Quando raggiungemmo di nuovo il retro del cinema, scoprimmo che la porta era socchiusa. Io e Sumiko ci scambiammo un'occhiata. Non ci servirono le parole per capire chi l'avesse aperta.
Io mi feci coraggio e afferrai la maniglia arrugginita, spingendola di lato.

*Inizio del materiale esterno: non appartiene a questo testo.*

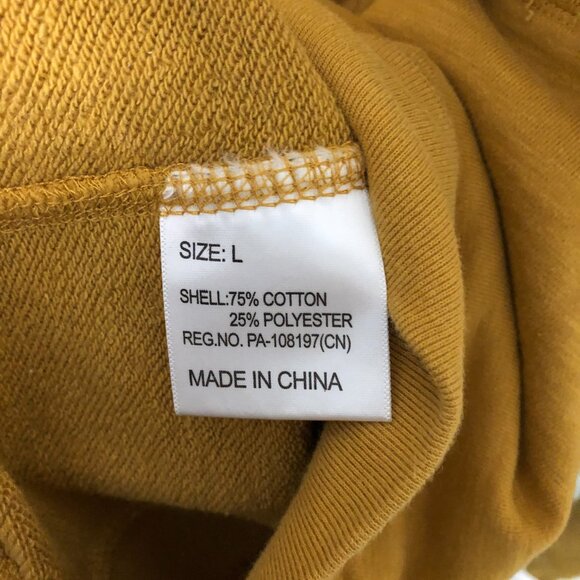 Vintage NFL Pro Line Patriots Hoodie - Mint! - Picture 5 of 5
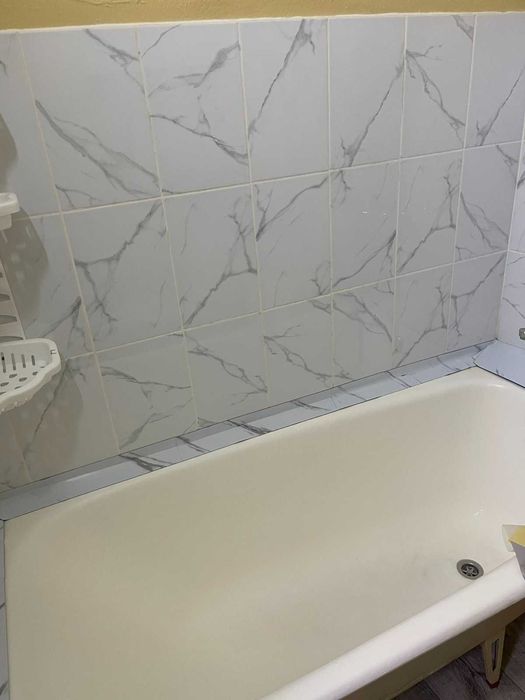 Здам гарну 2х. кімн. квартиру на Польовій.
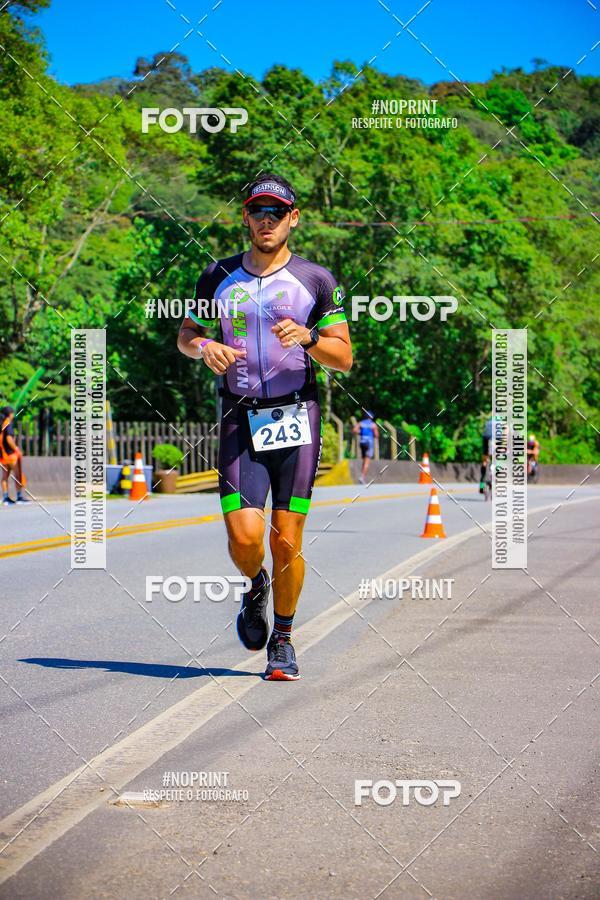 Compre as suas fotos do evento3 ETAPA 2019 - EVTRI - Triatlhon  no Fotop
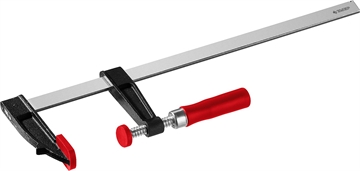 ЗУБР  МС-250/50, 50 х 250 мм, струбцина F (32150-050-250) 32150-050-250_z01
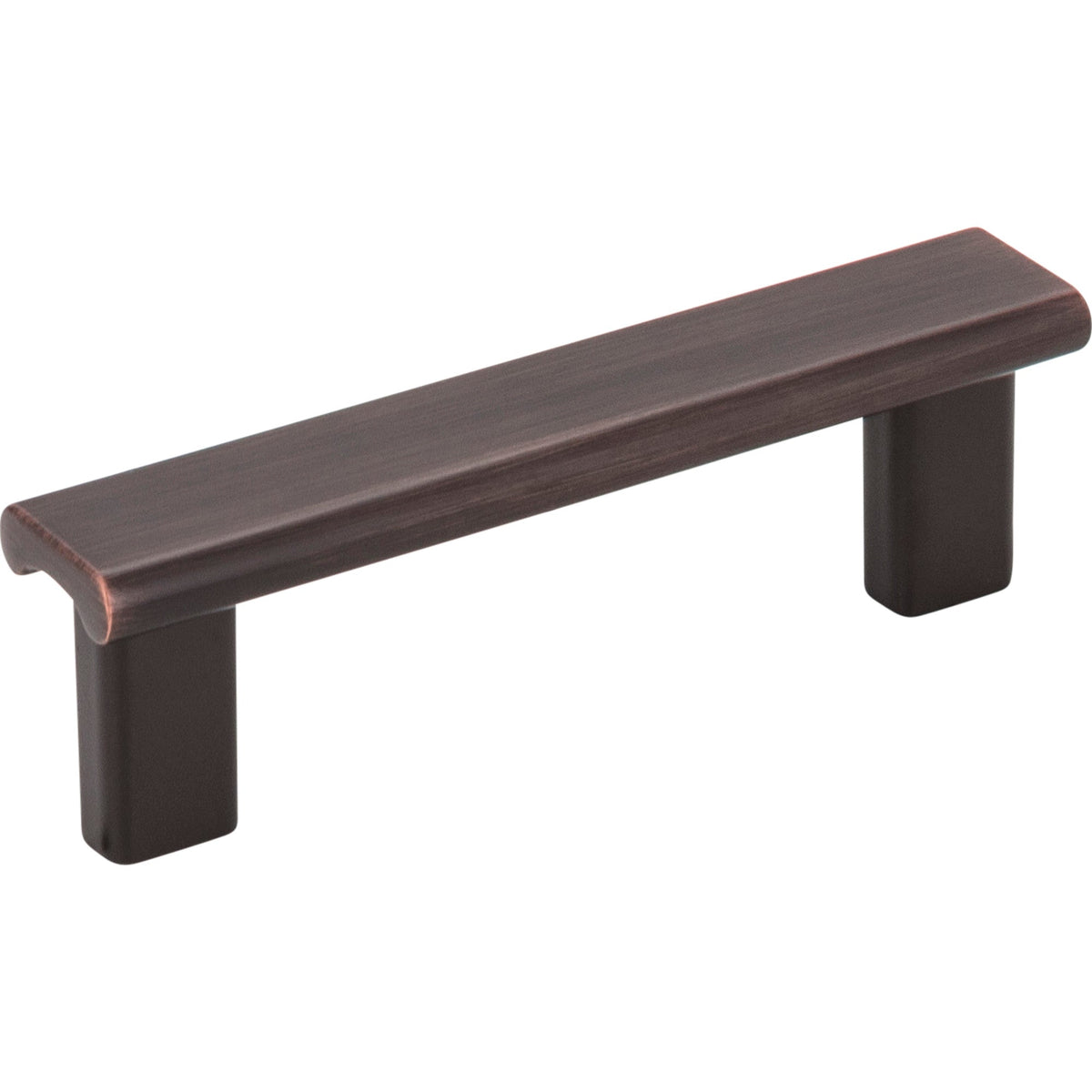 Park 3" Center-to-Center Bar Pull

La porta, aprendosi, emise un prolungato cigolio, mentre la luce dei lampioni del vialetto si riversava nel corridoio.
Avanzai di qualche passo e afferrai la torcia che Sumiko mi stava porgendo, recuperata dal suo ampio zaino, da cui non si separava quasi mai.
La accesi e un fascio di luce più decisa di quella dei lampioni fendette lo spazio circostante. L'aria era colma di polvere, e dovetti coprirmi il viso con una manica del cappotto per non tossire. Erano diversi anni che nessuno puliva.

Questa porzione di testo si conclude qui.